Naziha Jawdet Ashgah al-Dulaimi (1923 – 9 October 2007) was an early pioneer of the Iraqi feminist movement. She was a co-founder and the first president of the Iraqi Women League, the first woman minister in Iraq's modern history, and the first woman cabinet minister in the Arab world.

Early life
Al-Dulaimi was born in Baghdad, where her family had settled in the late 19th century. 

She studied medicine at the Royal College of Medicine (later attached to the University of Baghdad), where she was one of the few female students at the Medical College. During that time, she joined the "Women's Society for Combating Fascism and Nazism" and was actively involved in its work. Later on, when the society changed its name to the "Association of Iraqi Women," she became a member of its executive committee.

Career

Medicine (1941—1948) 
In 1941, she graduated as a medical doctor. After graduating, she joined the Royal Hospital in Baghdad, and later transferred to Karkh Hospital. Throughout that period, she was harassed by the monarchic security apparatus because she sympathized with the poor and cared for them free of charge at her clinic in the Shawakah district. Moving to Sulaimaniyah, her clinic once again turned into a refuge for impoverished patients who received her care for free. From Sulaiminiyah, she was transferred to other cities and provinces (Kerbala, Umarah).

Activism (1948—1958) 
In 1948, she became a full member of the Iraqi Communist Party (ICP), which at the time, was opposing the ruling monarchy. In January 1948, Dr. Naziha was involved in the popular uprising "al-Wathbah" against the colonialist Portsmouth Treaty.

In 1952, she wrote the book The Iraqi Woman. It was about women from the peasant class (al-fallahin) who were deprived of all rights, both in terms of gender oppression and class oppression. She also wrote about women from higher classes who had higher material status but were considered as property and not as human.

She attempted to revive the Association of Iraqi Women, supported by dozens of women activists, and applied to the authorities to set up a "Women's Liberation Society". The application was rejected.
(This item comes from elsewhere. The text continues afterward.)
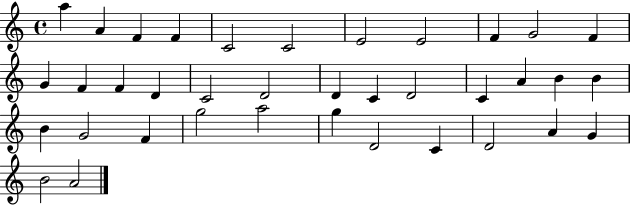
A5/q A4/q F4/q F4/q C4/h C4/h E4/h E4/h F4/q G4/h F4/q G4/q F4/q F4/q D4/q C4/h D4/h D4/q C4/q D4/h C4/q A4/q B4/q B4/q B4/q G4/h F4/q G5/h A5/h G5/q D4/h C4/q D4/h A4/q G4/q B4/h A4/h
In response, some of the signatories led by Dr. Naziha decided to go ahead and set up this organization anyway, though clandestinely, after changing its name to the League for Defending Iraqi Woman's Rights. The League thus came into being on March 10, 1952. Among the League's objectives were: Struggling for national liberation and world peace. defending Iraqi women's rights, and protecting Iraqi children.

Politics (1958—1963) 
Under the leadership and active participation of Dr. Naziha, the League (now entitled Iraqi Women's League) developed during the following years and turned into a mass organization after the 14 July 1958 Revolution. With its membership rising to 42,000 (out of a total population at the time of 8 million citizens), it achieved many gains for Iraqi women, in particular the progressive Personal Status Law No. 188 (1959).
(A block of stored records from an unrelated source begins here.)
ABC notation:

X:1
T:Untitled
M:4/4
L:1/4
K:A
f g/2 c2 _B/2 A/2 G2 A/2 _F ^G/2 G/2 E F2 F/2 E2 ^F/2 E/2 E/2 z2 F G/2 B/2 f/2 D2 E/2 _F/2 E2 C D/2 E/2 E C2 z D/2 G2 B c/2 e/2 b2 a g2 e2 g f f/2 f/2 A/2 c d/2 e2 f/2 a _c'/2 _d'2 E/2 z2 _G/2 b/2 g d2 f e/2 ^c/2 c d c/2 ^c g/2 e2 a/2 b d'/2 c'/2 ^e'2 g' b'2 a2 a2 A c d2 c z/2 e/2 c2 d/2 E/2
In appreciation of its role and achievements, the Iraqi Women's League became a permanent member of the Secretariat of the International Women's Federation. Dr. Naziha was elected to the Federation's assembly and executive. Later, she became vice president of this international organization. She became a prominent woman figure on an international level, as well as in the Arab world and "Third World."

During the 1950s, Dr. Naziha was an active participant in the Iraqi Peace Movement and was a member of the preparatory committee for the Peace Partisans conference that was held in Baghdad on 25 July 1954. She was also a member of the World Peace Council. She spent the 1950s researching and eradicating the indigenous Bejel bacteria in southern Iraq.
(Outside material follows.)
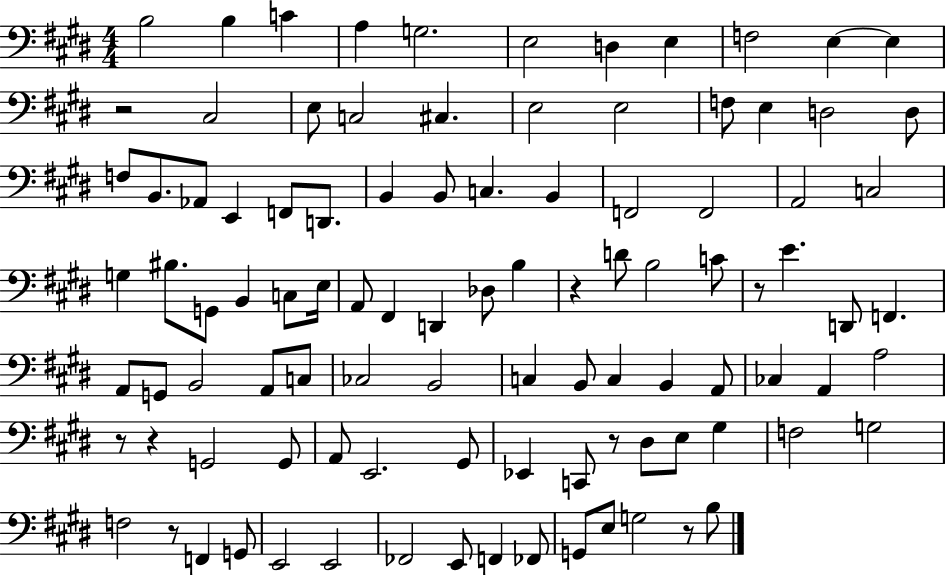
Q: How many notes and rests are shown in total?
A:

After the monarchy was overthrown, she was appointed by President Abd al-Karim Qasim as Minister of Municipalities in the 1959 cabinet as the sole representative of the ICP in his republican government. She was the first female minister in Iraq's modern history and the first woman cabinet minister in the Arab world. She later assumed the post of State Minister in a later cabinet formation. During her government career, al-Dulaimi was instrumental in turning the vast slums of eastern Baghdad into a massive public work and housing project that came to be known as Thawra City—now Sadr City. She also helped author the secular 1959 Civil Affairs Law, which reformed marriage and inheritance laws to the advantage of Iraqi women.

Exile and work abroad (1963—2002) 

Because of her activities in the Communist Party and the patriotic movement, Dr. Naziha was a victim of harassment and repression. She was forced to leave the country and go into exile several times. This did not stop her from helping the Communist party, the women's movement, and democratic rights. Dr. Naziha occupied a leading position in the party and became a member of its Central Committee. In the late 1970s, when the ruling dictatorial clique was preparing to launch its campaign against the Iraqi Communist Party, she was a member of the Secretariat of the Central Committee.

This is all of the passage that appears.